I’d never been to Mansfield’s Cinemark, and I’d thoroughly enjoyed the Dr. Martin Luther King, Jr. event, so “why not?” I dragged my roommates out into the snow, bribing them with promises of popcorn and pizza and a free movie. They joined me, half-enthused by my desire to save the world by watching history unfold on the big screen. I’m glad they came. So, we hoarded into a van of people we didn’t know, bought some popcorn, and sat down for the always-exciting previews. Two minutes into the movie, the roommate to my left was in tears and she to my right was wide-eyed and watching intently as the camera zoomed in on the bodies of four little girls crushed and intertwined in a mound of church remains. Two hours later, we’d had the experience of witnessing MLK, C.T. Vivian, and LBJ make history. I’ve talked about history books and the distance they create—and they do. A factual, emotionless description of such events sometimes makes me question both the heart of the author and that of myself as an unmoved reader, but such is the way of a text book. A dramatic, emotionally-fueled account of America’s painful history, brought to life with real voices, untouchable filmography, and Oprah revokes all questions because a text book is a text book, but the history contained within holds such an incredible amount of pain, pride, failure, and triumph, any American History book editor would be brought to tears.
After the movie, we headed back to the chapel on campus for pizza and a discussion. I didn’t need the pizza to convince my roommates to come with me this time, but it was still a bonus. Who can resist Domino’s? The discussion bounced between professor, black student, white student, foreign student, and so on and back around. It became incredibly clear that the segregation and discrimination King fought so hard for during the civil rights movement in Selma, is still as present, if not as violent, in the world today and notably so on Ashland’s campus. Minority students recalled moments of sneers, blatant disrespect, eye-contact avoidance, and snide comments from white students—not all white students, but white students all the same. My roommate and I grew up in a suburb of Youngstown, Ohio. Youngstown: Murder Capital USA, #9 on the list of bleakest places not to live, prone to crime, racial violence, drug abuse and a blaring overuse of racial slurs.
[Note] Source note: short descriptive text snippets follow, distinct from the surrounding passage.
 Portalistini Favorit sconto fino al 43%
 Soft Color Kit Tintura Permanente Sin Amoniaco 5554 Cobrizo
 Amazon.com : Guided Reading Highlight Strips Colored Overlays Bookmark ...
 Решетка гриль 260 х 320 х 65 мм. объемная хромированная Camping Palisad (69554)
Austintown, where I grew up, isn’t Youngstown. A quiet suburb with a Wal-Mart, a few too many coffee shop chains—here’s looking at you, Dunkin’—and a public school system with an “Excellent” rating by the OBOE. When Austintown schools applied open enrollment policies, allowing students from other schools districts to voucher into the system, “Little Africa” developed in the cafeteria. Students from Youngstown’s inner city school system did not integrate into Austintown as expected; rather, these open enrollment kids, most of them minority students, stuck together in classes, athletics and social settings, such as lunch time. What ensued, therefore, was a section of the cafeteria of about 8 tables in the corner dominated by Hispanic and African-American students and the not-so-endearing term “Little Africa.”
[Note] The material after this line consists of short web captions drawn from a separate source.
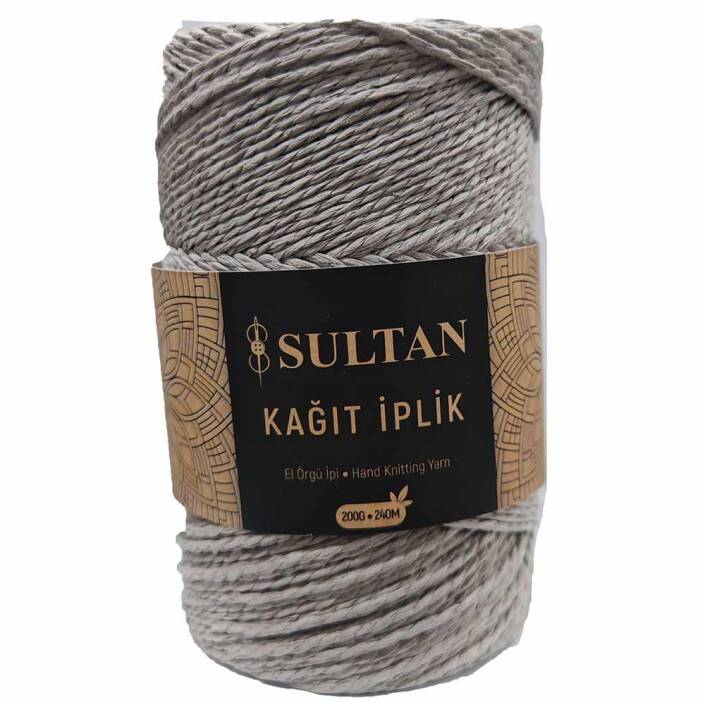 Hazır Sarım Kağıt İp ( 200 Gram ) 47 Açık Gri - 1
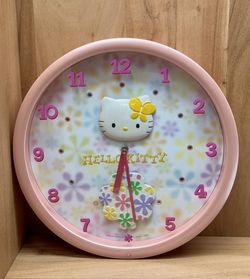Vintage Sanrio Hello Kitty Melody Wall Clock Made by Citizen (Very Rare)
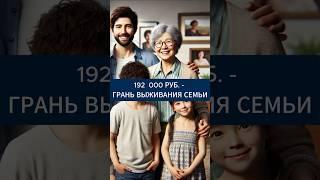 Средняя российская семья на грани выживания #новости #топ #экономикароссии #news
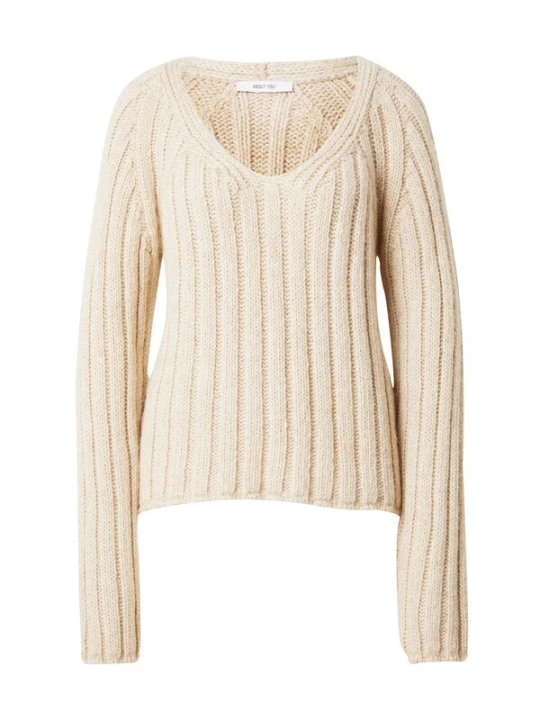 Foto van product ABOUT YOU Trui 'Victoria ' beige gemêleerd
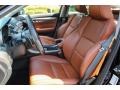 2010 Acura TL Umber Brown Interior Front Seat Photo
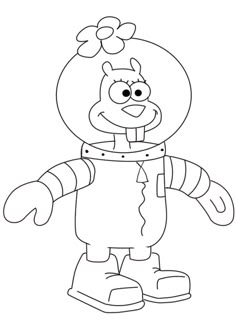 a cartoon character from the sesame series, with black and white outlines on it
What I now notice is the same thing occurring in Convo, Ashland University’s cafeteria. Students here know the swim team has their table, the art and drama students tend to sit in the Fishbowl, the exchange and foreign students all sit together in their respective country-of-origin groups, and the black kids sit together. This concept of normal and voluntary segregation was a topic of interest during the conversation following the “Selma” viewing, which leads to the question again: Does racism still exist, or does the fact that this is a “voluntary” form of social grouping make this a justifiable norm?
Emily Wirtz is a student intern with the Ashland Center for Nonviolence.